Mit diesen Ideen wollen Daimler, BMW und VW die Techkonzerne abhängen

Von: Hannah Krolle

Die deutschen Hersteller fordern Google und Tesla mit eigenen Betriebssystemen heraus. Der E-Autobauer Polestar setzt hingegen voll auf den Suchmaschinenkonzern. Ein Vergleich.

Die Software entscheidet über den Erfolg der Marke.

Mercedes-Benz EQS bei der Autoshow in Schanghai 2021

Die Software entscheidet über den Erfolg der Marke.

Düsseldorf Sprachsteuerung, Spurhalteassistent, Pulsmessung am Lenkrad: Was vor zehn Jahren an Science-Fiction-Filme erinnerte, ist heute in einigen Autos Realität. Inzwischen entscheidet die Software über den Erfolg einer Automarke, denn sie ist für viele Kunden ein wichtiges Kaufargument.

Das zeigt eine Studie der Beratungsgesellschaft McKinsey: 37 Prozent der Autokäufer geben an, sie würden für bessere digitale Angebote das Auto einer anderen Marke kaufen – bei den für deutsche Marken so wichtigen Käufern von Premiumfahrzeugen sind es sogar 47 Prozent.

Die Autoindustrie verstehe zunehmend, „dass Konnektivitätslösungen nicht nur zusätzlichen Umsatz und Kosteneinsparungen über den gesamten Lebenszyklus des Autos bringen, sondern den Kunden auch viel stärker an die Marke binden können“, erklärt Timo Möller, Partner bei McKinsey und Co-Autor der Studie.

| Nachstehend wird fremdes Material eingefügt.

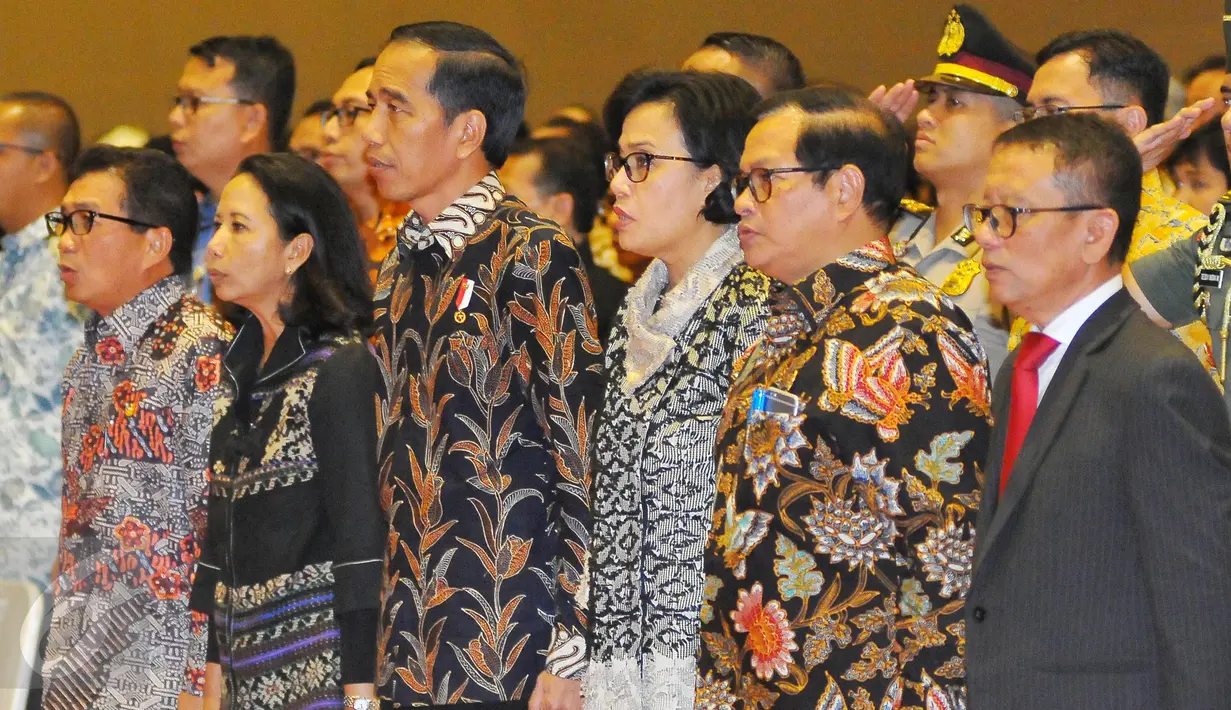 Presiden Joko Widodo (Jokowi) bersama sejumlah menteri saat menghadiri farewell atau perpisahan dengan program pengampunan pajak atau tax amnesty, Jakarta, Selasa (28/2). (Liputan6.com/Angga Yuniar)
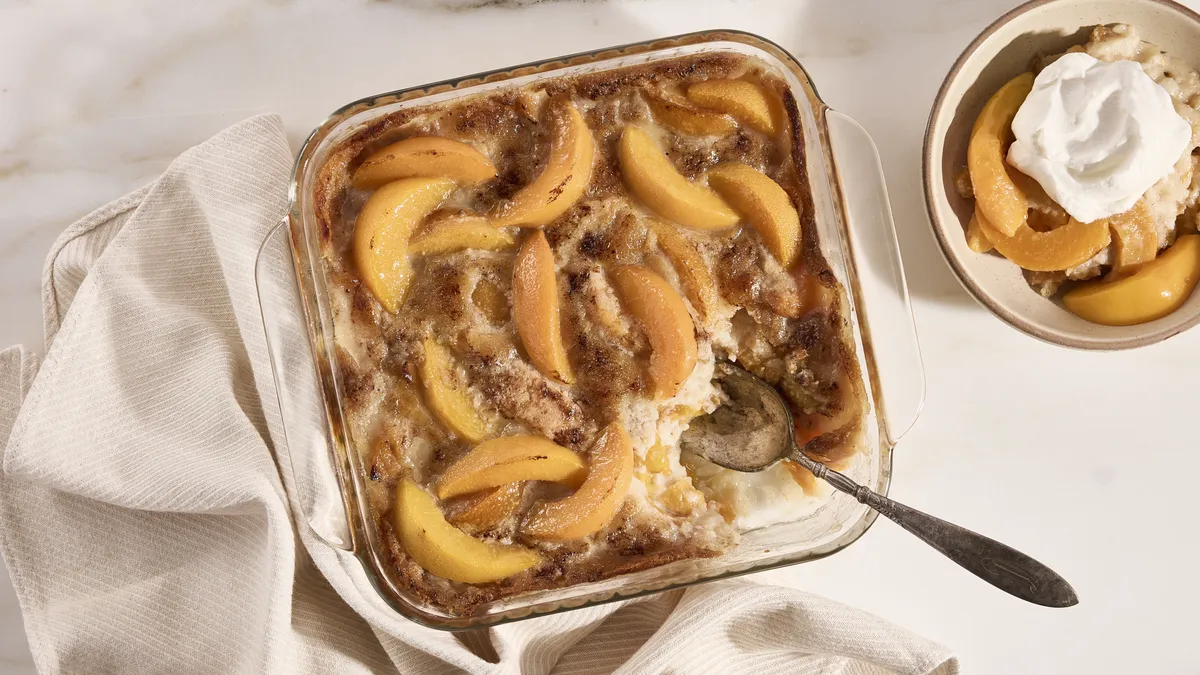 Classic Bisquick™ Peach Cobbler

Unterdessen wächst für die deutschen Hersteller der Konkurrenzdruck, denn die amerikanischen Techkonzerne schlafen nicht. Google drängt mit einem eigens für die Automobilindustrie entwickelten Betriebssystem auf den Markt, das drahtlos „over the air“ ständig aktualisiert wird. Auch Tesla hat seine Flotte mit einem eigenen Betriebssystem ausgestattet.

Deutsche Autobauer müssten beim Thema Software „technisch auf die neuesten Standards setzen“, um gegenüber den IT-Konkurrenten aus dem Silicon Valley bestehen zu können, erklärt Alexander Koster, Partner der Beratungsgesellschaft Boston Consulting Group. Die Hersteller reagieren und kündigen Neuerungen an. Mit diesen Ideen sagen die Autobauer Google und Tesla den Kampf an – ein Überblick.

VW: 27 Milliarden Euro in Digitalisierung

VW investiert bis 2024 rund 27 Milliarden Euro in die Digitalisierung. Konzernchef Herbert Diess will den Konzern zum Technologieunternehmen weiterentwickeln und ihn auf Augenhöhe mit Tesla und Apple bringen. „Die Digitalisierung ist eine Revolution, für uns als Branche und für die Kunden. Autos werden zukünftig selbst fahren. Damit wird sich das Geschäftsmodell grundlegend ändern“, sagte Diess dem Handelsblatt.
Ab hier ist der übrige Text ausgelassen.